#### [Recorded information]
※

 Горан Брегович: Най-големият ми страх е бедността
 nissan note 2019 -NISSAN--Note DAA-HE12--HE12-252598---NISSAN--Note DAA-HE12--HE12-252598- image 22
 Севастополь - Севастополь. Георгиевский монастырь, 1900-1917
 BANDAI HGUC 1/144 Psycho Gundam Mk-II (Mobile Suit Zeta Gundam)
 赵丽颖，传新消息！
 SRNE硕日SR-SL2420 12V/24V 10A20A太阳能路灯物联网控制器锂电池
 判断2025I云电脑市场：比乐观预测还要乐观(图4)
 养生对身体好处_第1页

※

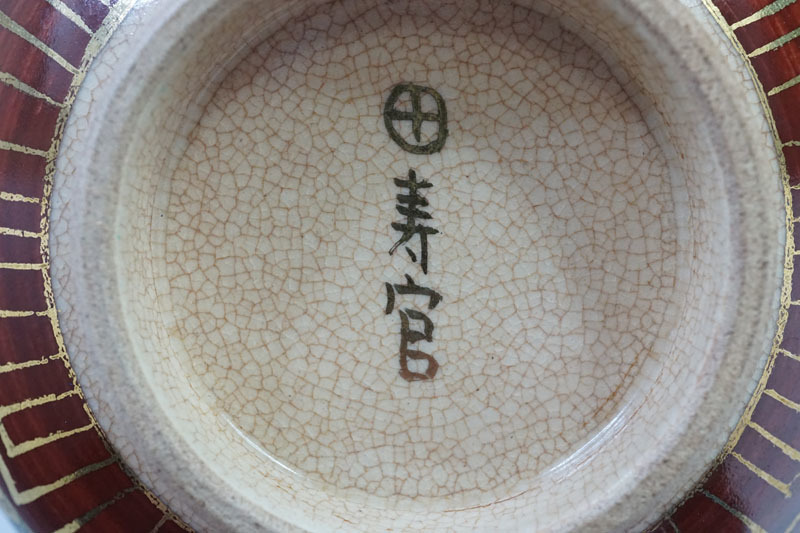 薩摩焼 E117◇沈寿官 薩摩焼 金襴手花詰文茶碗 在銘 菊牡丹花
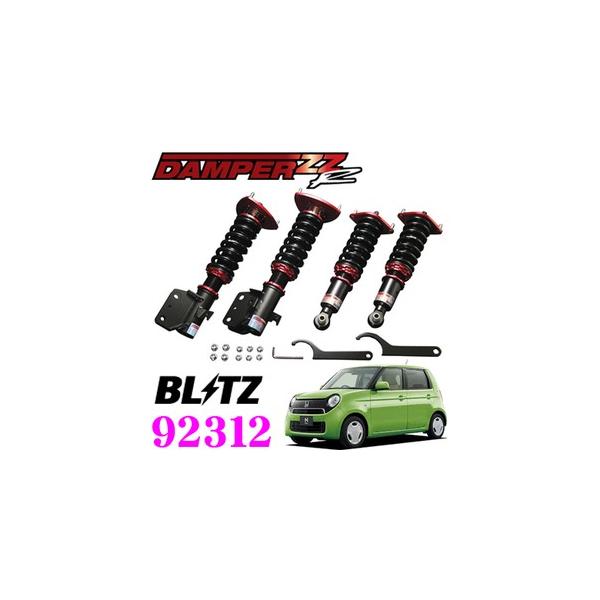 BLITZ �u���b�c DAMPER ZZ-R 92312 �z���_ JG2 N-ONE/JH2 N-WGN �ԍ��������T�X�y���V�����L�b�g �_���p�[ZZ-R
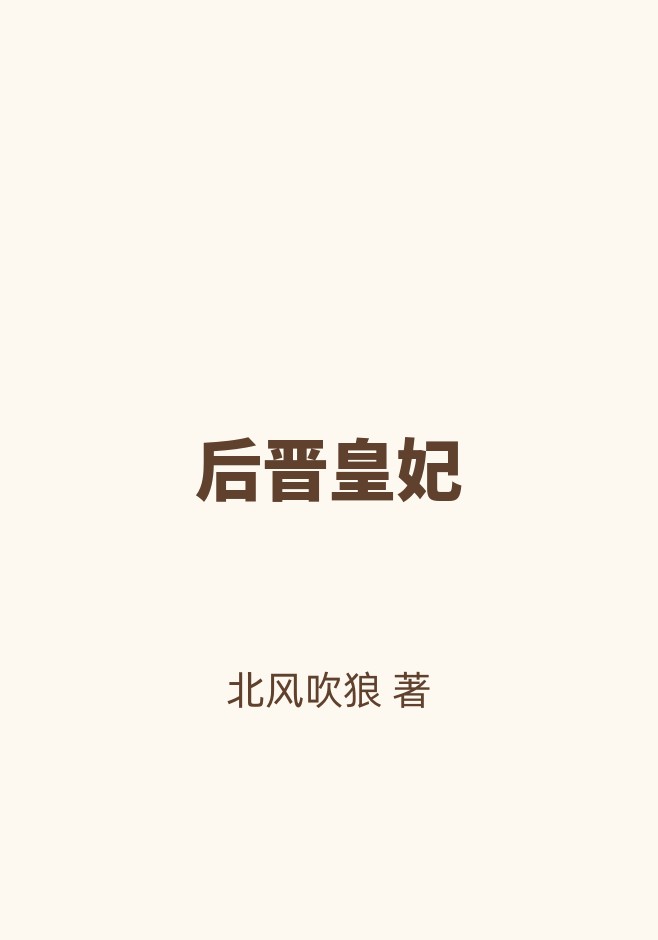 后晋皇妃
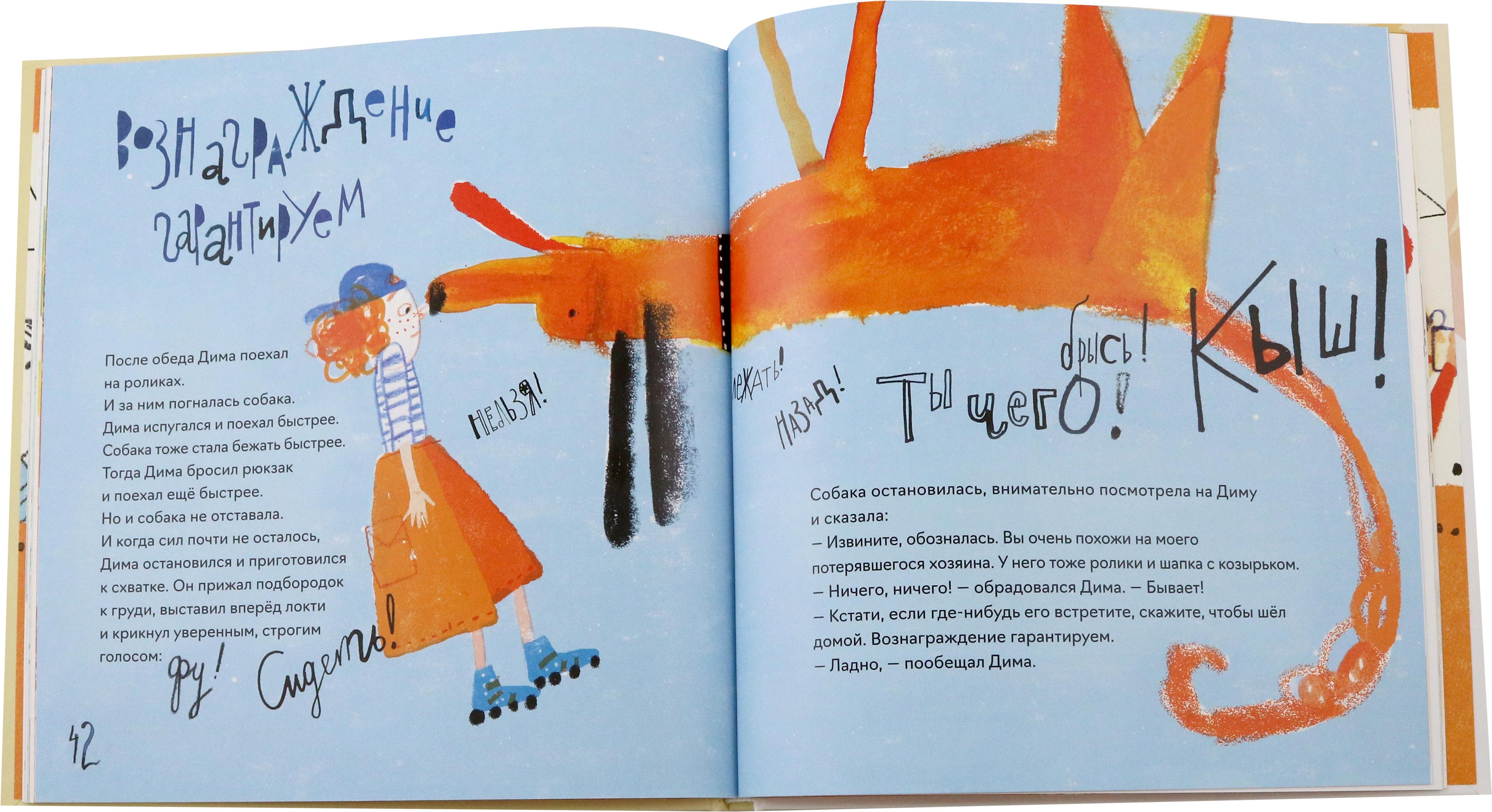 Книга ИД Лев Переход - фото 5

※

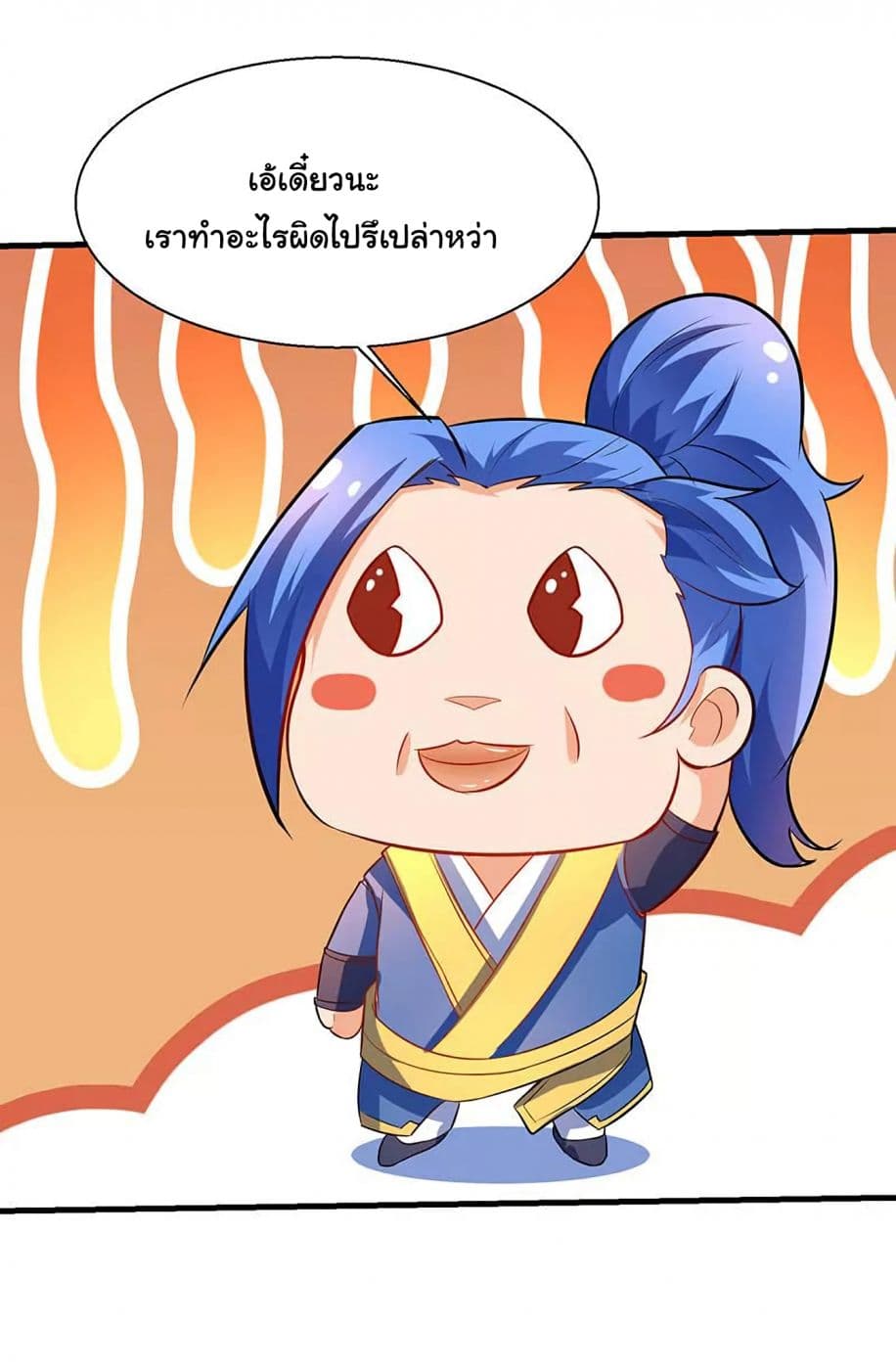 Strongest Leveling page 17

※

#### [Prompt]
Leaving out all pictures, set down exactly the lines of the material above, from the line with "BLITZ �u���b�c DAMPER" to the line with "Книга ИД Лев Переход - фото 5" inclusive, and no others.

#### [Answer to the exercise]
 BLITZ �u���b�c DAMPER ZZ-R 92312 �z���_ JG2 N-ONE/JH2 N-WGN �ԍ��������T�X�y���V�����L�b�g �_���p�[ZZ-R
 后晋皇妃
 Книга ИД Лев Переход - фото 5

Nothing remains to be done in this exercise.